As Customers Prioritize Necessary Purchases, Target’s Grocery Business Has Increased By More Than 50% Over The Past Three Years


To increase foot traffic into its shops, Target is taking a leaf out of Walmart’s playbook and investing in its food section (or in its web platforms). The retailer discussed the category’s recent growth on a conference call with investors to discuss the company’s second-quarter financial performance.

According to CEO Brian Cornell, Target’s food and beverage (F&B) sector has grown by $1.8 billion, or more than 50%, since the second quarter of 2019. He asserted that the company had invested in increasing its grocery offerings despite reducing inventory in other, less significant categories in reaction to inflation. The benefits the company’s F&B sector provides to other categories have contributed to this development.

However, Cornell noted that “our safe one-stop shopping experience provides an opportunity to sell items in every one of our categories on every guest visit, regardless of whether a Target run begins with a need for a food and beverage or household essentials item, to see what’s new in our beauty assortment, the choice of a toy for a birthday party, or a piece of luggage for an upcoming trip.”

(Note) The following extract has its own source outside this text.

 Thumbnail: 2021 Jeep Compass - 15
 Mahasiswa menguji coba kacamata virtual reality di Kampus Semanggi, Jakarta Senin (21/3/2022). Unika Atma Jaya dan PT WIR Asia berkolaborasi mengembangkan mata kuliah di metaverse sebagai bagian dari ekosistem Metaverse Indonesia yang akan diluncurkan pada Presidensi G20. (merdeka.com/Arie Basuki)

In line with industry-wide trends to private-label, Cornell observed that the retailer’s own-brand food items have been doing well, with Good & Gather being a “$2 billion brand that continues to enjoy really significant growth.” According to the most popular rankings, Target has elevated itself to a top-10 grocer as a result of this investment in the company’s F&B division.

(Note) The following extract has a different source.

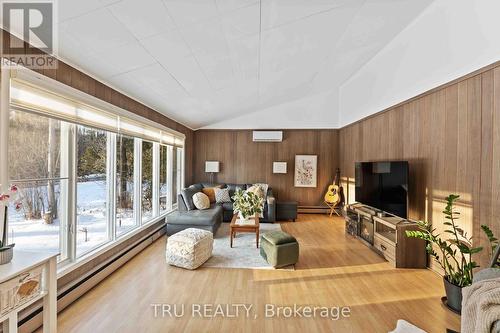 5903 Piperville Road, Ottawa, ON - Indoor Photo Showing Living Room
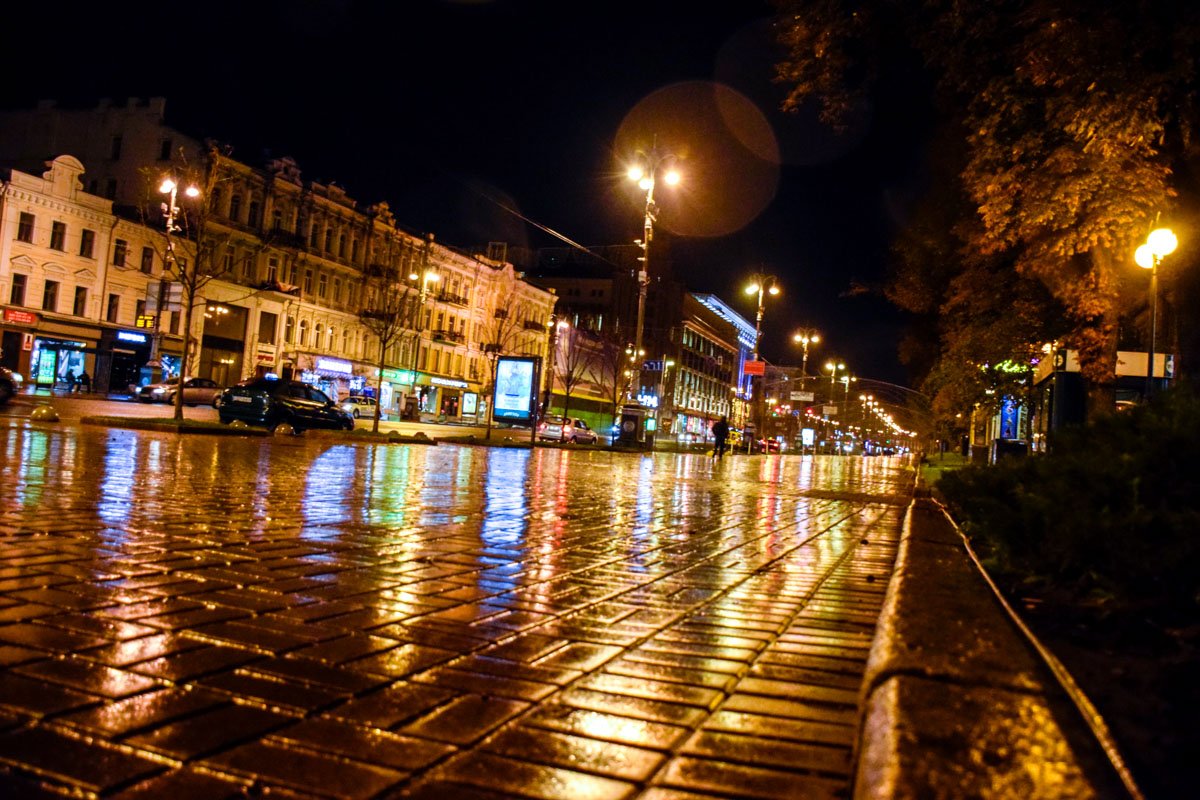На Крещатике жизнь не останавливается даже дождливой ночью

As Walmart observed in its results conference, the emphasis on groceries can have advantages for traffic but disadvantages for profit margins.

According to Walmart CEO Doug McMillon, “the cost of food and fuel, as well as a larger mix of sales in food and consumables, were among the most problematic factors for us at the time.” “In several of our areas, we continue to see a greater mix of sales in food and consumables, which puts pressure on margins overall.”

Given that these big-box retailers strive to undercut competitors on price, this is especially pertinent. Target CFO Michael Fiddelke said during the conference call that the company is “extremely careful to make sure that we feel comfortable about our price gaps,”, especially in the grocery sector. Executive vice president and chief growth officer Christina Hennington added that the company has “a maniacal focus” on finding the ideal pricing balance with “a little bit more flexibility to move with the market” in the F&B categories because these products are “domestically replenished and bought every single day.”